MPI_ERR_TRUNCATE: On Broadcast

Jiew Meng picture Jiew Meng · Nov 8, 2012 · Viewed 10.6k times · Source

I have an int I intend to broadcast from root (rank==(FIELD=0)).

int winner

if (rank == FIELD) {
    winner = something;
}

MPI_Barrier(MPI_COMM_WORLD);
MPI_Bcast(&winner, 1, MPI_INT, FIELD, MPI_COMM_WORLD);
MPI_Barrier(MPI_COMM_WORLD);
if (rank != FIELD) {
    cout << rank << " informed that winner is " << winner << endl;
}

But it appears I get

[JM:6892] *** An error occurred in MPI_Bcast
[JM:6892] *** on communicator MPI_COMM_WORLD
[JM:6892] *** MPI_ERR_TRUNCATE: message truncated
[JM:6892] *** MPI_ERRORS_ARE_FATAL: your MPI job will now abort

Found that I can increase the buffer size in Bcast

MPI_Bcast(&winner, NUMPROCS, MPI_INT, FIELD, MPI_COMM_WORLD);

Where NUMPROCS is number of running processes. (actually seems like I just need it to be 2). Then it runs, but gives unexpected output ...

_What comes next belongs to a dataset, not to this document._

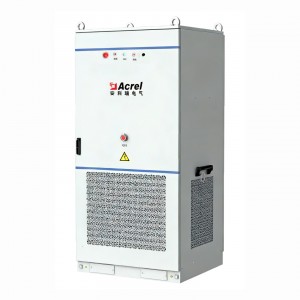 AESB-125/261-L 液冷户外储能一体机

1 informed that winner is 103
2 informed that winner is 103
3 informed that winner is 103
5 informed that winner is 103
4 informed that winner is 103

When I cout the winner, it should be -1

Answer

Hristo &#39;away&#39; Iliev picture Hristo 'away' Iliev · Nov 8, 2012

There is an error early in your code:

if (rank == FIELD) {
   // randomly place ball, then broadcast to players
   ballPos[0] = rand() % 128;
   ballPos[1] = rand() % 64;
   MPI_Bcast(ballPos, 2, MPI_INT, FIELD, MPI_COMM_WORLD);
}

This is a very common mistake. MPI_Bcast is a collective operation and it must be called by all processes in order to complete. What happens in your case is that this broadcast is not called by all processes in MPI_COMM_WORLD (but only by the root) and hence interferes with the next broadcast operation, namely the one inside the loop. The second broadcast operation actually receives messages sent by the first one (two int elements) into a buffer for just one int and hence the truncation error message. In Open MPI each broadcast uses internally the same message tag values and hence different broadcasts can interfere with each other in not issued in sequence. This is compliant with the (old) MPI standard - one cannot have more than one outstanding collective operations in MPI-2.2 (in MPI-3.0 one can have several outstanding non-blocking collective operations). You should rewrite the code as:

if (rank == FIELD) {
   // randomly place ball, then broadcast to players
   ballPos[0] = rand() % 128;
   ballPos[1] = rand() % 64;
}
MPI_Bcast(ballPos, 2, MPI_INT, FIELD, MPI_COMM_WORLD);